_GOAL OF THE EXERCISE_
Copy nothing from the entries below except the lines from the one containing "fille de dessin" through the one containing "Solid Colour Sheepskin", and copy those exactly.

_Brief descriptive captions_

══════════

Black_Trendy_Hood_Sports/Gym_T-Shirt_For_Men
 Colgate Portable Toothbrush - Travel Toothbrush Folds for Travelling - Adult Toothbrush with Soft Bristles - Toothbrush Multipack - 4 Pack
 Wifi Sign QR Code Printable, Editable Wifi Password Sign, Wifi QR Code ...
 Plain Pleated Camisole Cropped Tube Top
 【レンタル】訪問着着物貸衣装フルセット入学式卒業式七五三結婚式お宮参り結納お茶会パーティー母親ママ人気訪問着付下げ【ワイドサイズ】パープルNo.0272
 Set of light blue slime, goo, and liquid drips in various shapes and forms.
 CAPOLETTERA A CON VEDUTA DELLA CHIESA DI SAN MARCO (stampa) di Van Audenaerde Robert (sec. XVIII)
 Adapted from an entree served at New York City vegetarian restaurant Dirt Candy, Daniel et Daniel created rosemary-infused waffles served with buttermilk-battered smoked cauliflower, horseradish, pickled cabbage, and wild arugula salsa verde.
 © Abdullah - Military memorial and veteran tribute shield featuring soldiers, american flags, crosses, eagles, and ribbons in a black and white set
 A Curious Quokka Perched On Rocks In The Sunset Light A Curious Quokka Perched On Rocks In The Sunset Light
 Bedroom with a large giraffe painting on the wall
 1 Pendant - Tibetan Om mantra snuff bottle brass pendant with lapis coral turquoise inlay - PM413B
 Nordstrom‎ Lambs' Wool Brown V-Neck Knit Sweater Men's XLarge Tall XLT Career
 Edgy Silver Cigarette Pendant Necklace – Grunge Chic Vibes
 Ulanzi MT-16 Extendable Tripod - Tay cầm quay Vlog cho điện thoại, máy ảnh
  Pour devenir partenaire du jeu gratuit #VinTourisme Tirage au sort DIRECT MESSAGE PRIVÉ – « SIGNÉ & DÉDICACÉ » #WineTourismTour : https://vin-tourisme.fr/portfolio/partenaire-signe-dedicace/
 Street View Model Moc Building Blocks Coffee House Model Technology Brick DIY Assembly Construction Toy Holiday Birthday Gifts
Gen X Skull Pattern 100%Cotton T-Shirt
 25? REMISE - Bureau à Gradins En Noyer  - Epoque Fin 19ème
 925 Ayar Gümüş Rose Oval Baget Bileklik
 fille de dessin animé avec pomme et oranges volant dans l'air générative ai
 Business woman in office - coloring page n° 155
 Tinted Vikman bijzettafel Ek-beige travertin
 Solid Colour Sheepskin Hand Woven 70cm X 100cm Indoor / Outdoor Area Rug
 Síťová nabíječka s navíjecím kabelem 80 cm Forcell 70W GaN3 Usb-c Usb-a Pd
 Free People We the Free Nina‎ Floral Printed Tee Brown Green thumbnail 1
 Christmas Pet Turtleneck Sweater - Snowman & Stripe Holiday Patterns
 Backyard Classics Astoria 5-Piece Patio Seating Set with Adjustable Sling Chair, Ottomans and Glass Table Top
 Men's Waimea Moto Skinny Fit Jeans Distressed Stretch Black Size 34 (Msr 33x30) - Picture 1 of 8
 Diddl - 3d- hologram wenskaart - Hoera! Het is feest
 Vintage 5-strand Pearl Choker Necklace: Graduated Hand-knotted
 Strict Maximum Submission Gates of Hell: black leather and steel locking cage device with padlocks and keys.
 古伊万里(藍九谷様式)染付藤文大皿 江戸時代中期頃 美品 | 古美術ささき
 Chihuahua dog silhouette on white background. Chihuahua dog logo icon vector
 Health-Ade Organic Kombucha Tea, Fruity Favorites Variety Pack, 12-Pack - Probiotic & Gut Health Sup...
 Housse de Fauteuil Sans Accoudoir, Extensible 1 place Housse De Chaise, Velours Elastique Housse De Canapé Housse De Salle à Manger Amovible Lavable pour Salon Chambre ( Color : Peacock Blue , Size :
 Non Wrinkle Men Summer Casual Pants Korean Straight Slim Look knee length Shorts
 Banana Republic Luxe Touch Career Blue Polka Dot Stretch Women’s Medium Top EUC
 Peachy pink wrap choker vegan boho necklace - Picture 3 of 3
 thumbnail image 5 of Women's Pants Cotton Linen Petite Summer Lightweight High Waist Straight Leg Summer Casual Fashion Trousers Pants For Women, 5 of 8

══════════

_OUTPUT_
 fille de dessin animé avec pomme et oranges volant dans l'air générative ai
 Business woman in office - coloring page n° 155
 Tinted Vikman bijzettafel Ek-beige travertin
 Solid Colour Sheepskin Hand Woven 70cm X 100cm Indoor / Outdoor Area Rug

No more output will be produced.